Marta D. Riezu en su ensayo La moda justa. Una invitación a vestir con ética habla de la falta de respeto que supone renovar nuestro armario a la ligera. “La única prenda ecológica es la que no se fabrica”, dice. La Sustainable Apparel Coalition sostiene que para neutralizar el impacto ecológico de una prenda se requiere un uso de diez años. La fast fashion es una industria reciente. Presentó la ropa como algo desechable, pero no fue la pionera en entender que lo de usar y tirar era mucho más provechoso para aumentar los beneficios de ciertas empresas. Acumular dinero y poder en pocas manos siempre ha gozado de predicamento.
En el año 1924, los líderes de las compañías eléctricas más importantes del mundo se reunieron en Ginebra para firmar un documento que estandarizaba y controlaba la fabricación de las bombillas. Acababa de nacer la “obsolescencia programada”. El cártel de empresas, conocido como Phoebus, obligaba a reducir la vida útil de las bombillas un sesenta por ciento. Se pactaron cuantiosas multas si los socios no cumplían la normativa. El objetivo era aumentar las ganancias fijando conjuntamente los precios y las cuotas de producción. Una bombilla eléctrica pasó entonces de 2.500 horas de vida útil a 1.000. La antigua fábrica de Osram en Berlín Oriental escondió el secreto hasta que, tras la caída del Muro, el investigador Helmut Herger encontró los documentos olvidados. Recientemente, la Unión Europea proclamó la primera ley que trata de frenar el abuso obligando a las empresas a hacer más accesibles las reparaciones. El argumento ecológico sería suficiente para justificar el toque de atención, pero acumular, en el sentido de no desprenderse fácilmente, de conservar y custodiar nos da además una pequeña cuota de autonomía indispensable para mantener la democracia.
Reparar y reutilizar es un acto de rebeldía.
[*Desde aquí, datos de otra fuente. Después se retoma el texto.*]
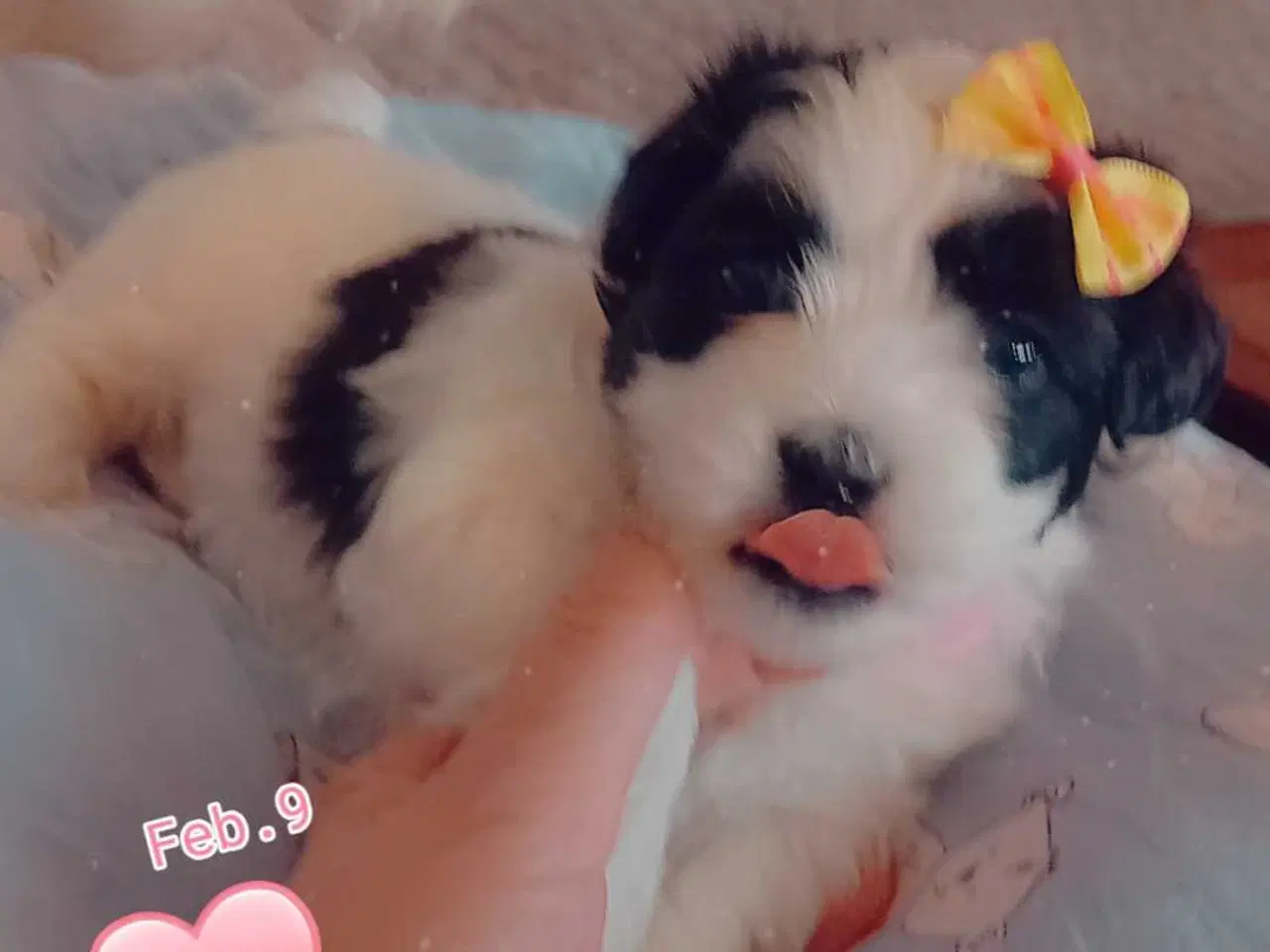 Billede 4 - Cotonese Hvalpe 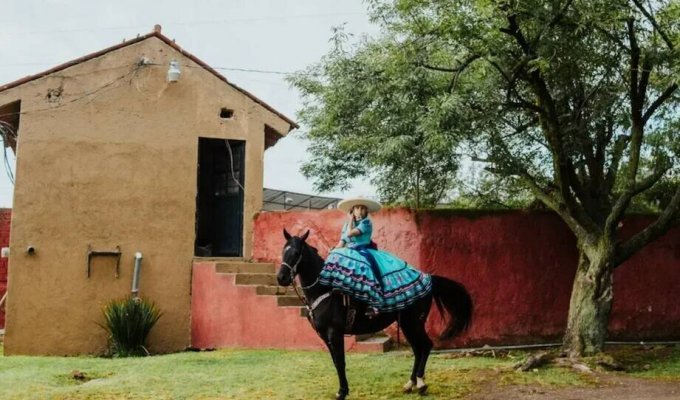 Charro escaramuza: how Mexican women are addicted to rodeo (8 photos + 1 video)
Hacerlo supone aceptar las inconveniencias de nadar contra corriente. Estas actividades, especialmente si es una misma quien se lanza a la aventura, requieren, en general, de todo lo que se nos está vedando: tiempo, conocimientos y espacio. Un estudio reciente desveló que los jóvenes entre 16 y 27 años prefieren llamar a otras personas para que hagan las tareas básicas de bricolaje por ellos, practicando lo que ha venido en llamarse GOTDIT (consigue que otra persona lo haga). La periodista británica Ellie Muir reaccionó alegando en The Independent que si no realizan esas tareas es porque no pueden. Poner un clavo en una pared viviendo de alquiler, podría suponerles perder la fianza.
Sea como fuere, hay un campo en el que no hay excusa para no volverse ambiciosos. ¿Se imaginan a Cicerón organizando sus conocimientos en un palacio de la memoria en un sitio pequeño donde no hubiera nada? El famoso orador se habría quedado rápidamente sin palabras. Habrá quien piense que hablar de Cicerón hoy en día no tiene sentido, ¿quién quiere utilizar métodos de memorización teniendo una buena batería de móvil? Acumular conocimientos en la actualidad está casi tan mal visto como acumular trastos. Mucho mejor depender de un aparatito cuadrado para cualquier conversación de sobremesa. Con una buena wifi, ¿quién necesita de mnemotecnia? Confiemos en que los popes de la tecnología no tengan a bien usar sus poderosos aparatos para controlar nuestras mentes en su propio beneficio. ¿Cómo dicen? ¿Que ya lo hacen? Y, díganme, ¿a quién llamamos?